On the one hand, MMT says it was BAD to anchor the dollar to gold, and I can go along with that. The gold standard was actually a fairly unstable system.
On the other hand, MMT says that the dollar is a tax credit and it is the power to tax that gives the dollar its value.
So if the dollar's value is anchored by the power to tax, why do we need a price anchor?
How does a JG prevent hyperinflation due to the usual reasons (war, government collapse, pegged currency, etc.)?
How does a JG prevent a powerful union from demanding higher wages and causing cost-push inflation?
How does a JG prevent inflation due to a monopolist jacking up the price of some commodity that is essential to the economy (i.e., the 70's oil inflation)?
There's never been a problem in my lifetime of politicians spending too much money, but in the unlikely event that they did go on a wild spending spree, how would a JG prevent demand-pull inflation caused by excessive deficit spending?
Re: "proof." Well, a chart showing a correlation between the minimum wage and CPI would be a good start.
Rather than debating the subject in comments (which many of us don't bother to read) I suggest that someone who believes in the JG "price anchor" hypothesis should write up a blog on the subject (with "proof") and post it on MNE.
Re: the BIG vs.

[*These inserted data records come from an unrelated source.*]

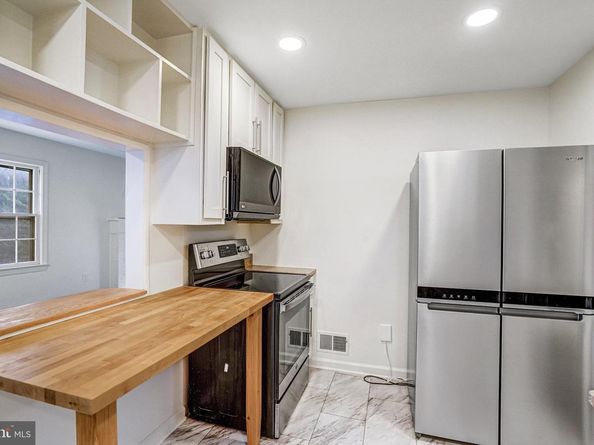 5411 22nd Street N, Arlington VA 22205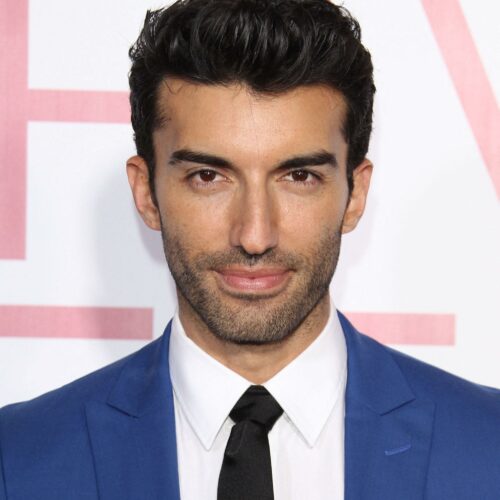 Justin Baldoni Claps Back at Blake Lively with a Mic Drop Message After $400M Lawsuit Flop—What’s Really Going Down Behind the Hollywood Curtain?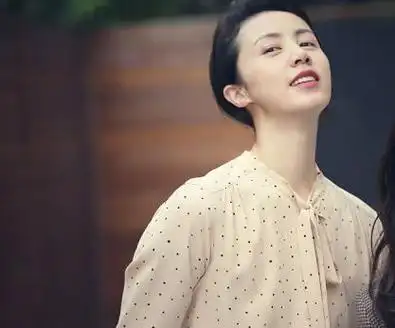 一家5口人,4个闹丑闻,相夫教子却没话语权的孙莉,如今后悔了吗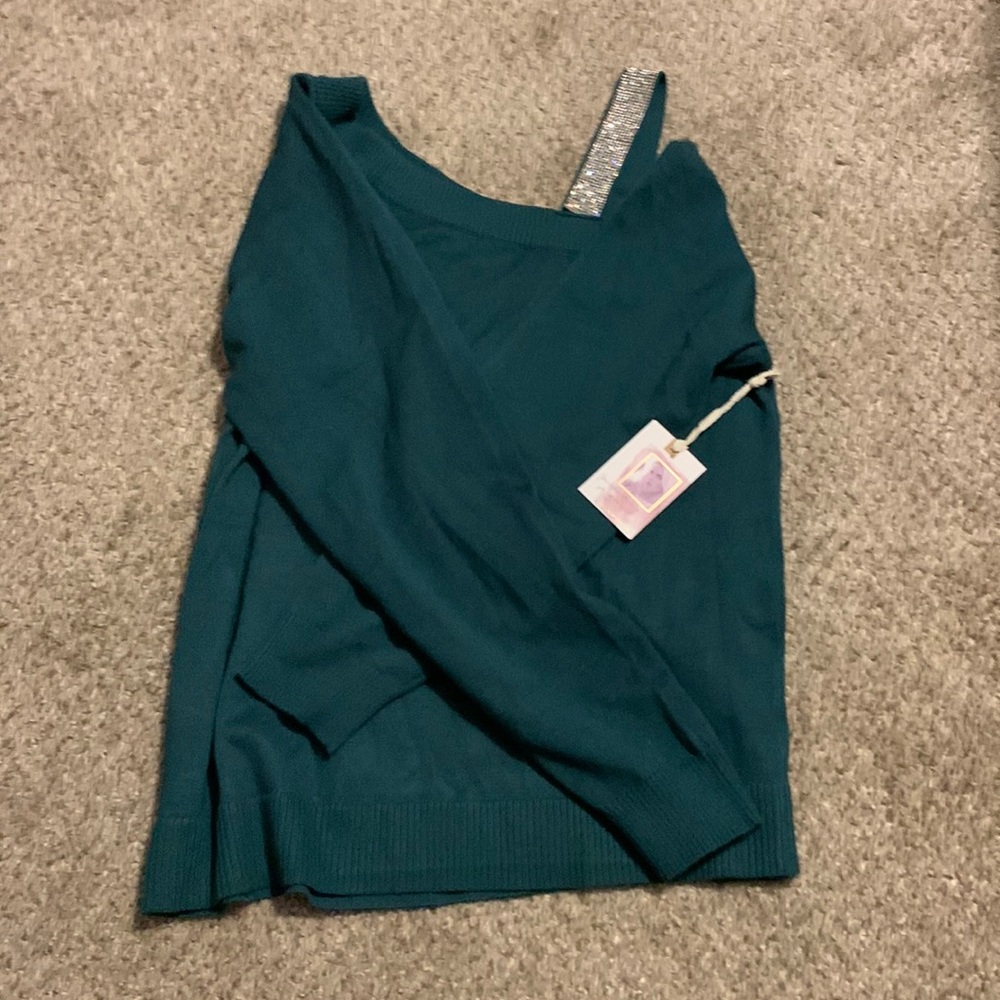 Jessica Simpson green shirt
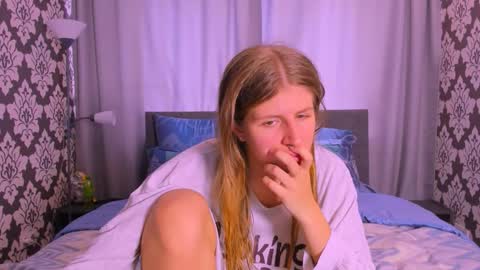 Kira online show from 09/10/25, 12:27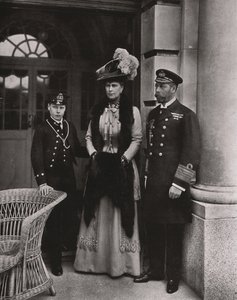 König George und Königin Mary mit ihrem Sohn Prinz Edward, Mai 1910
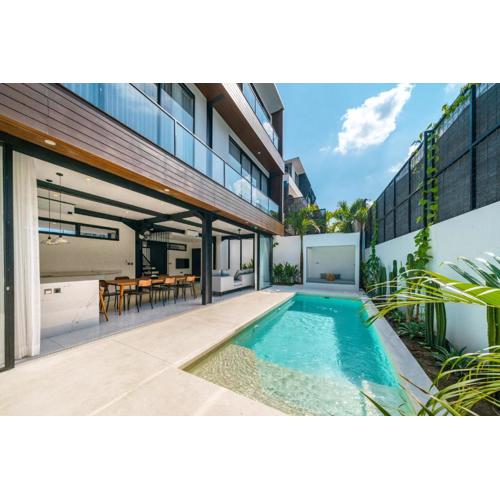 Villa Vantage 7 - Outstanding 3 BR Villa - Great Location!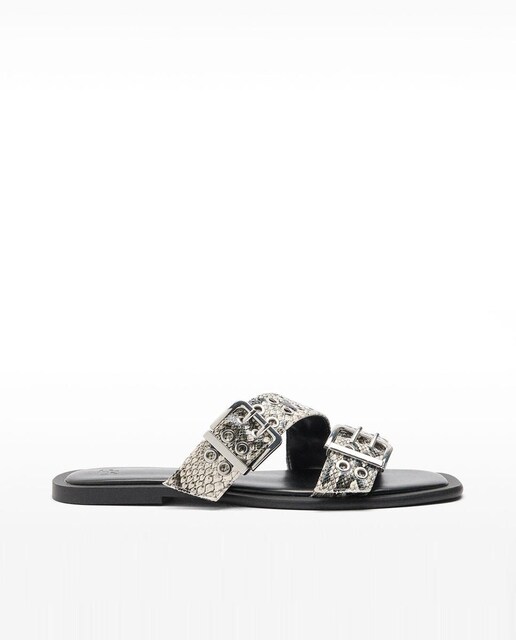 Imagen 0 de Sandalias planas de mujer con tiras delanteras y detalle de tachuelas con animal print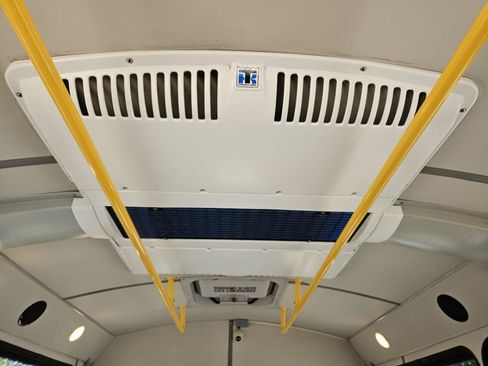 Used 2015 Chevrolet Express 4500 w/ Shuttle Bus Package RWD image 43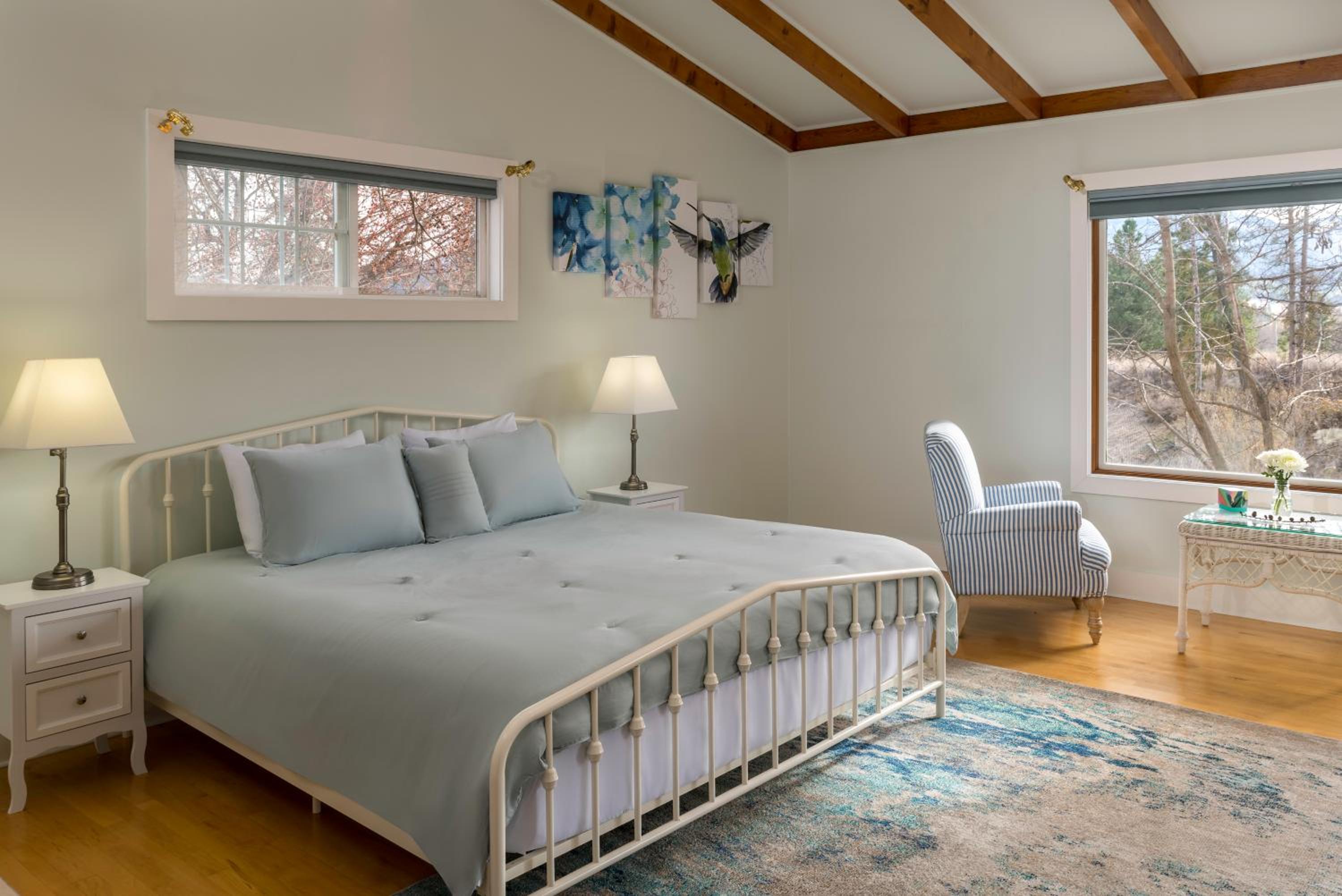 King Suite with Balcony photo 2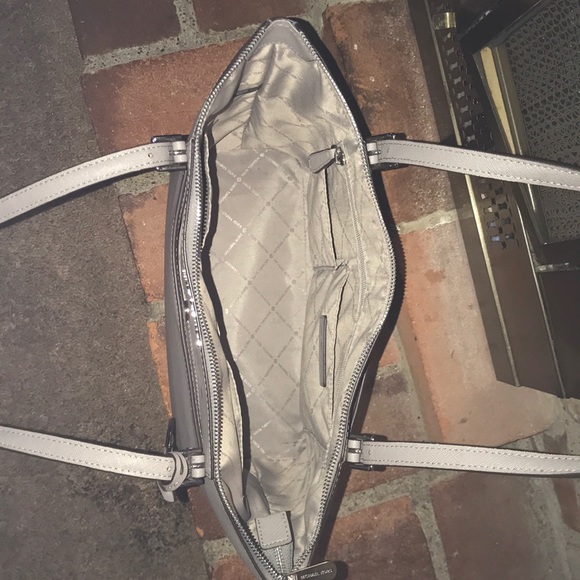 Michael Kors Purse - Picture 4 of 9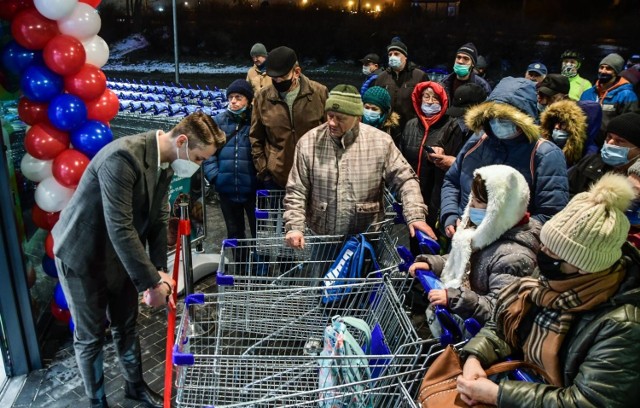 Na otwarcie sklepu ALDI przy ul. Andersena w Bydgoszczy przyszło wielu klientów.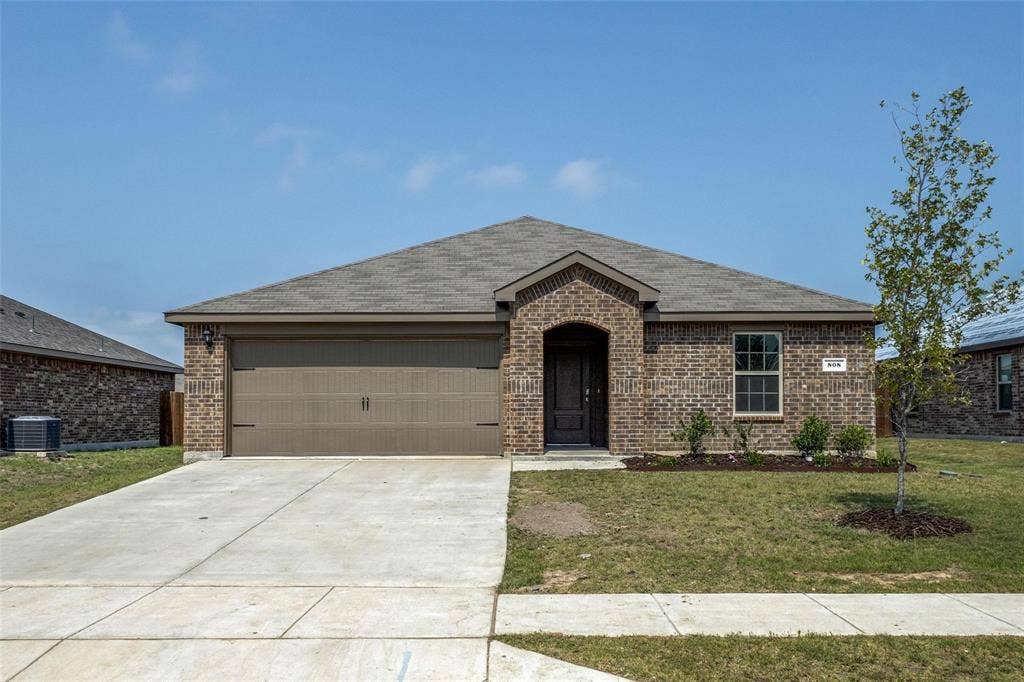 808 Saddle Horn Way, Royse City, TX 75189 808 Saddle Horn Way, Royse City, TX 75189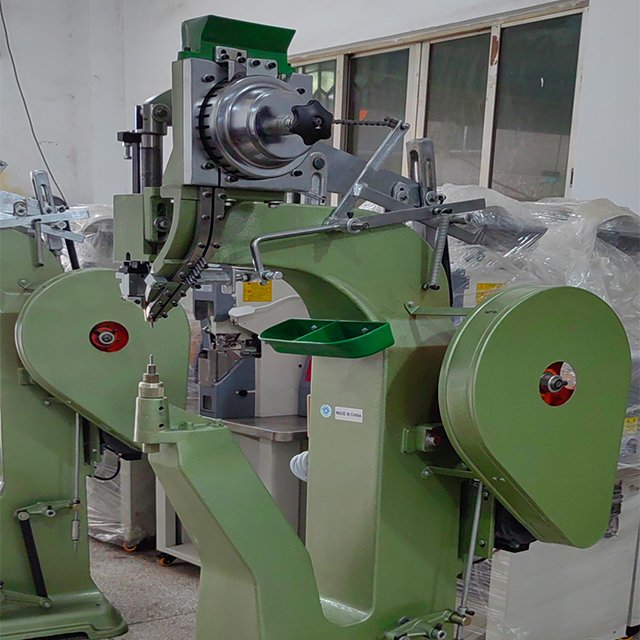 Automatic Luggage Trolley Case Riveting Machine Shoe Hardware Sport Helmet Baby Carriages Brake Block Riveting Press Machine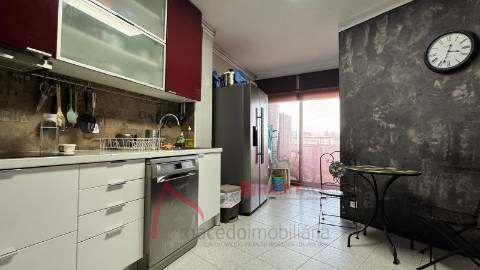 Apartamento T4 Mobilado para Arrendamento em São Vicente, Braga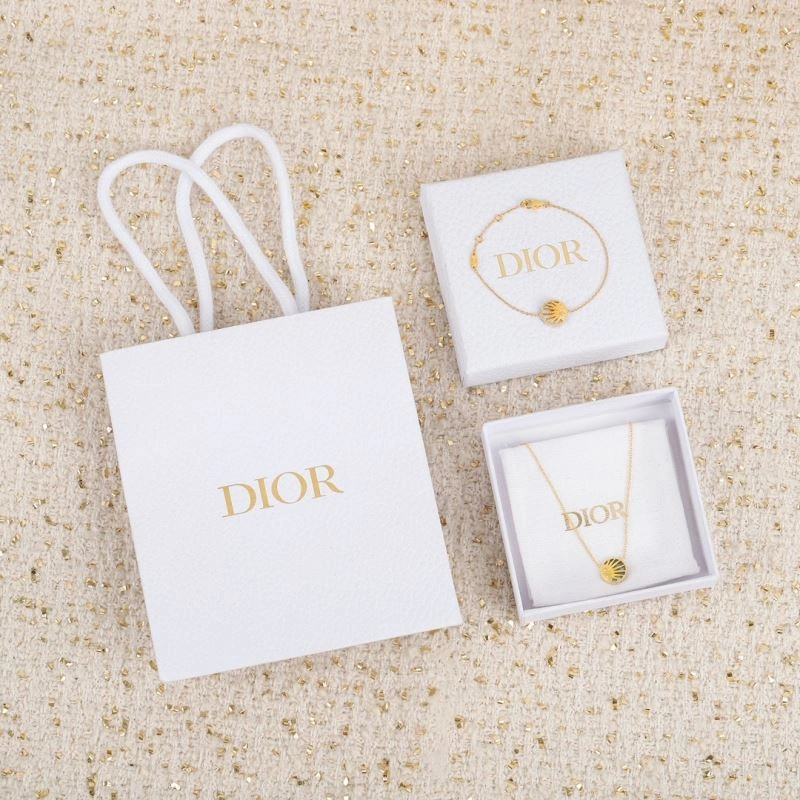 Christian Dior Necklaces Durable 235781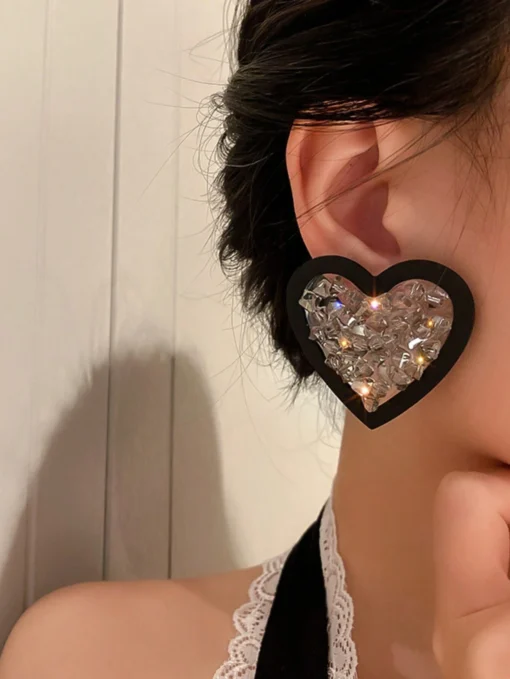 SHEIN 1pair Elegant Black Heart Shape Artificial Crystal Earrings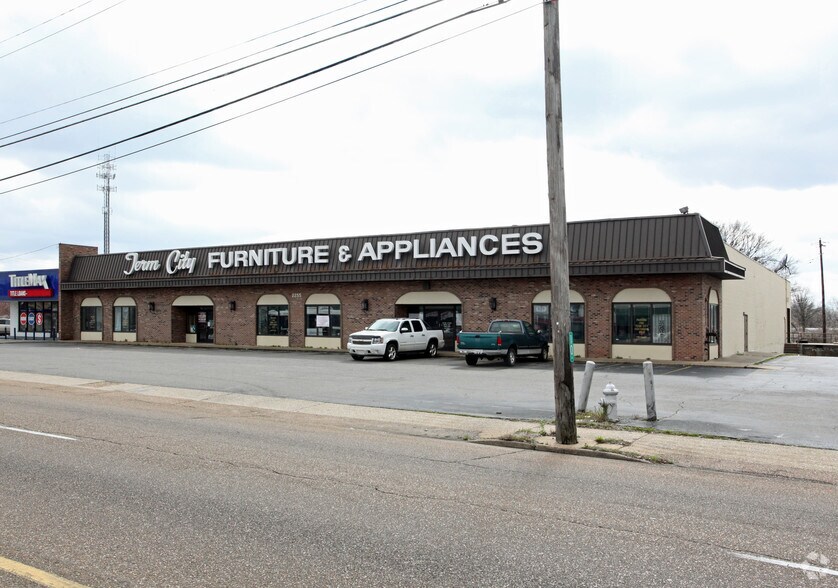 2255 Lamar Ave, Memphis, TN à louer - Photo principale - Image 1 de 6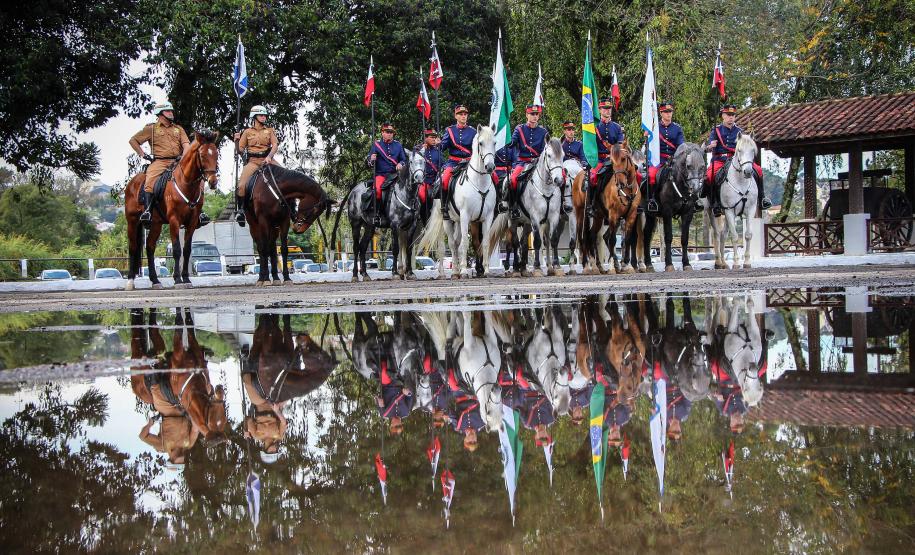 Regimento de Polícia Montada da PM comemora o 139º aniversário e entrega medalhas em Curitiba Regimento de Polícia Montada da PM comemora o 139º aniversário e entrega medalhas em Curitiba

JG debate. I say have your cake and eat it too with a JIG. But that, too deserves it's own blog. :-)
Dan, MMT economists admit that there is no fiscal fix for supply side inflation, since the issue is supply shortage rather than demand outpacing the capacity of the economy to expand to meet it.
Inflation could also result from price indexing, imported inflation due to a floating exchange rate, etc.
The true purpose of the JG is not for inflation control or to provide increase demand counter-cyclically. It is to achieve permanent full employment.
Inflation is an issue at full employment and the MMT solution to it is functional finance. Functional finance is also the chief means of addressing employment.
The JG is for mopping up the residual unemployment that results owing to fiscal policy not capable of being that tightly targeted. Similarly. the JG fixed compensation is a supplementary measure that backs up fiscal policy in controlling for inflation.
Randy discusses the MMT JG as prince anchor and buffer stock of employed in BOP A MOLE #1: DOES MODERN MONEY THEORY NEED A JOB GUARANTEE?. It's a lengthy explanation so I won't excerpt from it. Best just to read what Randy says about in terms of its development by MMT economists.